INTERVIEW YOUNG MAGIC
Thursday 10 May 2012 at 12:59 pm
Melati Malay is the singer/guitarist for Brooklyn's tribal psych pop trio Young Magic. We spoke to her about smoke, fire and magic.
The Brooklyn trio Young Magic hops among floating melodies, ethno-rhythmic percussion and sparkly and uplifting feels. Debut album Melt was made after extensive travelling around the globe and takes the environment as its main influence. The souls of strangers, the smell of the city, the heat of the sidewalk, the obesity of the misled. It's all in there. Singer/guitarist Melati Malay talks guilty pleasures.

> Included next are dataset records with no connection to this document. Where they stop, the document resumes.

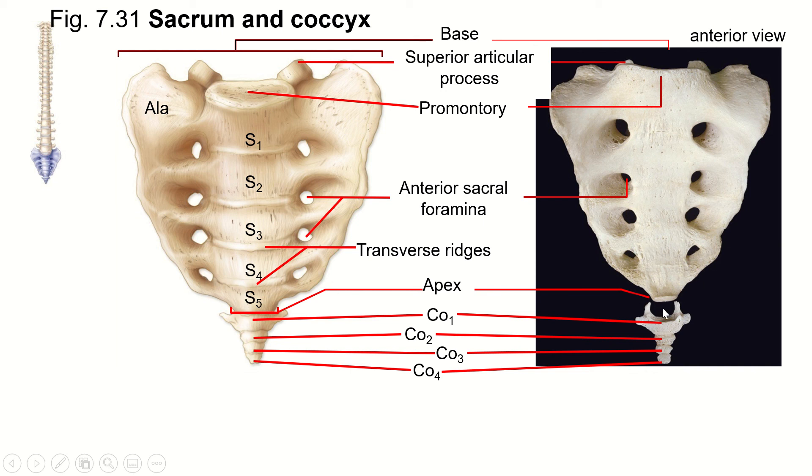The pointy part is the apex of the sacrum, and the flat part is the base — the top is the base, the bottom is the apex. Yes, I know that's backwards, but remember this is a triangle: the big flat part is the base and the pointy part is the apex.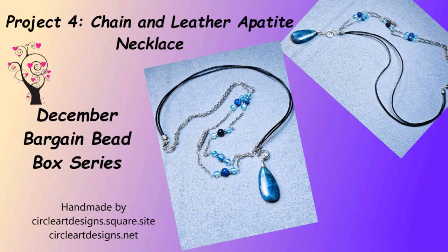Hi, Katherine here with Circle Art Designs. Today we will be working on project four from the December Bargain Bead Box. This is the last project I will be doing from it. I'll put the remaining beads in my stash to use later — they're always wonderful stash builders. Our project today is called the Chanin Leather Appetite Necklace, and the 'Appetite' refers to the beautiful teardrop pendant that serves as the focal point. So let's turn our attention to the mat and get started.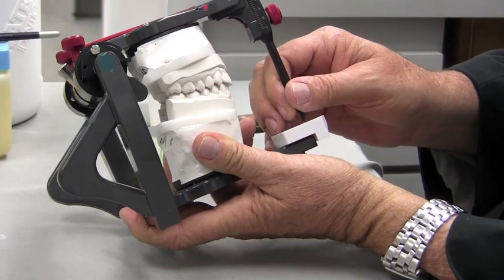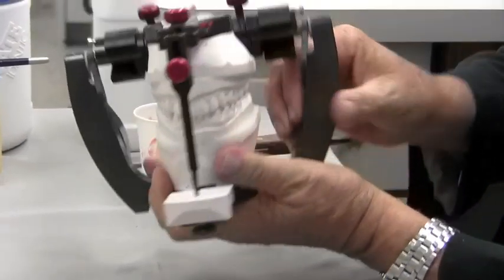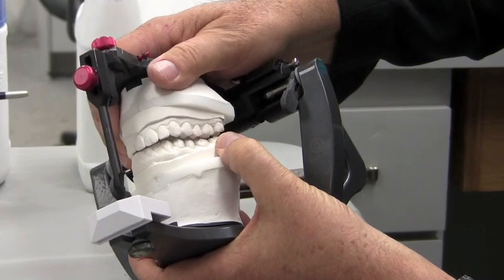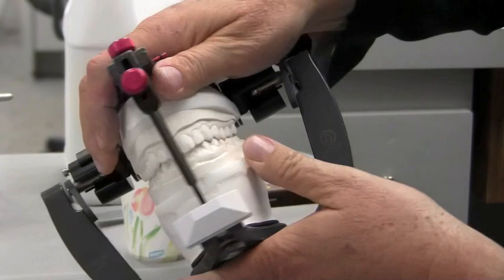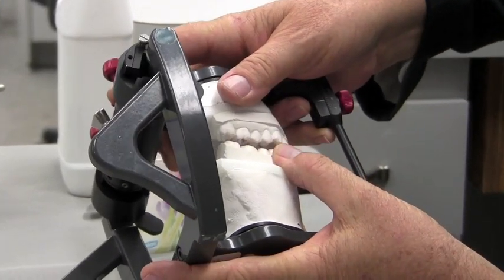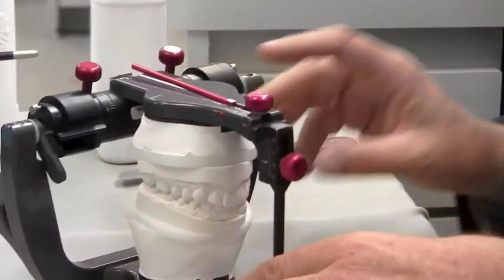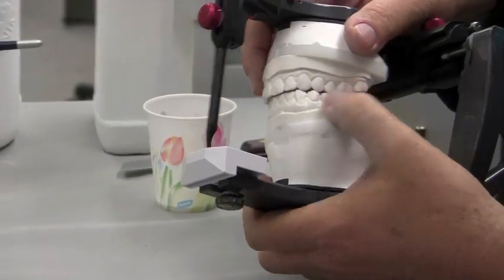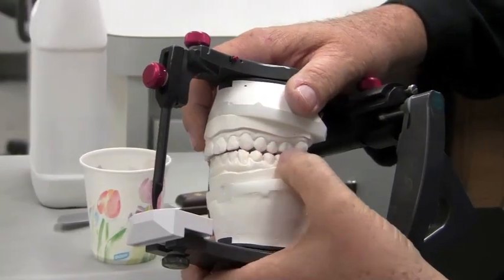In other words, when I move this mandible to the right, I want to make sure that on this side I'm not having any balancing interferences in the posterior that are affecting my guidance. So I visually look to make sure that everything is lifting off back here when I go into that movement, and I look that everything is lifting off when I go into left lateral movement — that I have no balancing side interferences. And if I do have some, I will generally see that it causes my teeth on this side to lift off prematurely and not guide on the cuspids and maybe group function on the bicuspids.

When was the last time you felt guilty?
I was meant to go to yoga this morning, but instead I got carried away dreaming. Now I'm drinking iced coffee and smoking cigarettes. The polar opposite! I think I feel guilty every time I smoke cigarettes.
No smile after the exhale?
Well, actually I get a lot of pleasure from it. I've noticed the reminders here in America aren't so extreme as in Australia, where the packages have horrifying images of dying smokers on them.

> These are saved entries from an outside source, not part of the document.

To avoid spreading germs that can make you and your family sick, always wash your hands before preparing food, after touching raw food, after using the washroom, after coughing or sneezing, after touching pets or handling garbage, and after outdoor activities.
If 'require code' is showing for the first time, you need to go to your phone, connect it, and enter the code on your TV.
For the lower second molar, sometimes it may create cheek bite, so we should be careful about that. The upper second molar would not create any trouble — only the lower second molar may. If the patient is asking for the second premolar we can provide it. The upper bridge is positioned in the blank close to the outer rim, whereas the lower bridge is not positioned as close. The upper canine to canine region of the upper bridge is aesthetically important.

What kind of images do you want to see?
They should put a shaman smoking, showing his connection to the spirits.
What kind do you smoke?
I'm rolling Champion Ruby or Port Royal tobacco from Australia. Apparently the Native American tribes viewed tobacco as a sacred substance that has healing properties.
Any guilty pleasures that were being consumed during the recording of Melt?

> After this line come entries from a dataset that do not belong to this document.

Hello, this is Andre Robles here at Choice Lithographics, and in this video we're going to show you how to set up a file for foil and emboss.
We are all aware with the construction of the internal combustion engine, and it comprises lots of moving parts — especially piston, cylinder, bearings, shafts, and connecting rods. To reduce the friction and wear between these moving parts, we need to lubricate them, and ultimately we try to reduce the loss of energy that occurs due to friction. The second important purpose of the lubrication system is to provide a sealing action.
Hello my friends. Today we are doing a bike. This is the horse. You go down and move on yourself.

When we were all living in a warehouse above a secret cabaret venue, we once bought big cans of kerosene and sat around the fire inside our house. Of course it was illegal and dangerous, but the pleasure of that fire in the middle of a New York winter was so good.
I can imagine if smoking is prohibited an indoor campfire certainly is. About your band name. Don't you think magic is actually an old trick?
Magic certainly is an old concept, but the band name comes more from the idea that anyone can harness magic, should they choose to believe.
As a believer, do you know any tricks?
I wouldn't call them tricks, because the intent is never to fool or mislead someone. It's quite the opposite really; the use of magic to connect or reconnect.
The album has a few interesting song titles, like 'Jam Karet'. What does it mean?
It's an Indonesian saying that my mother always uses. She’s constantly running late. It stands for a relaxed way of living life and understanding that only humans have a problem with time, because we chose to try and measure it.
Do you wear a watch?
Nope. I also have caught her disease of running late.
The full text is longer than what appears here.